Graphical Diagram for VLAE. Here $h$ is deterministic activations for neural networks, while $z$ and $x$ are latent and observed variables respectively.

Training is essentially the same as for a single-layer VAE with $L_2$ reconstruction error. Below are some results from SVHN and CelebA: the VLAE models have 4 layers of $z$, and in each block we display the generated images when we change $z_\ell$ and fix the noise in all other layers $z_{\neg \ell}$ (from left to right, $z_1$ to $z_4$):

VLAE Generations for SVHN.

VLAE Generations for CelebA.

We observe that lower layers (left) learn simpler features, such as image color, while higher layers (right) learn more complex attributes, such as the overall structure. This demonstrates that a VLAE is able to learn hierarchical features, similar to what the InfoGAN (Chen et al. 2016) does.

The following is a comparison with the Hierarchical VAE model:

Comparison between HVAE and VLAE.

### Conclusion

In terms of learning hierarchical features, deeper is not always better for VAEs — however, by using a ladder architecture we can often learn structured features.

#### Footnotes

1. Though ELBO bounds and log-likelihood in general are not necessarily good measurements for generative models (Theis, Oord, and Bethge 2015)

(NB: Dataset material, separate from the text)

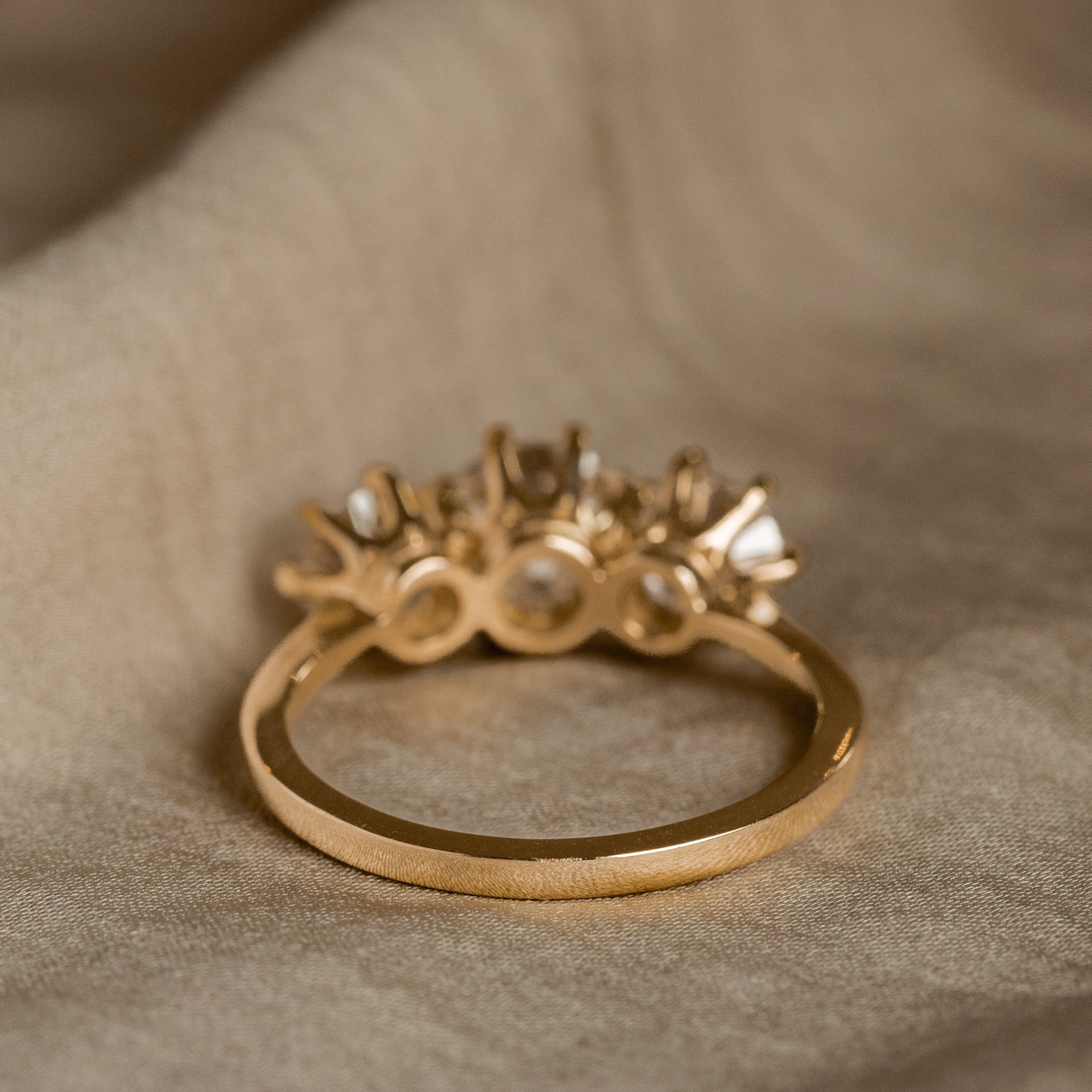 1.09 Carat Old European Diamond Three Stone Engagement Ring - Queen May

2. Except for in (Gulrajani et al. 2016), where a PixelCNN is used to model $p$

3. Coming up with a good name for this model was difficult with of all the existing work.

4. (Tran, Ranganath, and Blei 2017) have also suggested a similar architecture, but our motivation is different (they focus on learning and inference with GANs, while we focus on learning hierarchical features).

#### References

1. Kingma, Diederik P, and Max Welling. 2014. “Auto-Encoding Variational Bayes.” In International Conference on Learning Representations.
2. Kingma, Diederik P, Shakir Mohamed, Danilo Jimenez Rezende, and Max Welling. 2014. “Semi-Supervised Learning with Deep Generative Models.” In Advances in Neural Information Processing Systems, 3581–89.
3. Rezende, Danilo Jimenez, Shakir Mohamed, and Daan Wierstra. 2014. “Stochastic Backpropagation and Approximate Inference in Deep Generative Models.” ArXiv Preprint ArXiv:1401.4082.
4. Sønderby, Casper Kaae, Tapani Raiko, Lars Maaløe, Søren Kaae Sønderby, and Ole Winther. 2016. “Ladder Variational Autoencoders.” In Advances in Neural Information Processing Systems, 3738–46.
5. Chen, Xi, Yan Duan, Rein Houthooft, John Schulman, Ilya Sutskever, and Pieter Abbeel. 2016. “Infogan: Interpretable Representation Learning by Information Maximizing Generative Adversarial Nets.” In Advances in Neural Information Processing Systems, 2172–80.
6. Theis, Lucas, Aäron van den Oord, and Matthias Bethge. 2015. “A Note on the Evaluation of Generative Models.” ArXiv Preprint ArXiv:1511.01844.
7. Gulrajani, Ishaan, Kundan Kumar, Faruk Ahmed, Adrien Ali Taiga, Francesco Visin, David Vazquez, and Aaron Courville. 2016. “PixelVAE: A Latent Variable Model for Natural Images.” ArXiv Preprint ArXiv:1611.05013.
8. Tran, Dustin, Rajesh Ranganath, and David M Blei. 2017. “Deep and Hierarchical Implicit Models.” ArXiv Preprint ArXiv:1702.08896.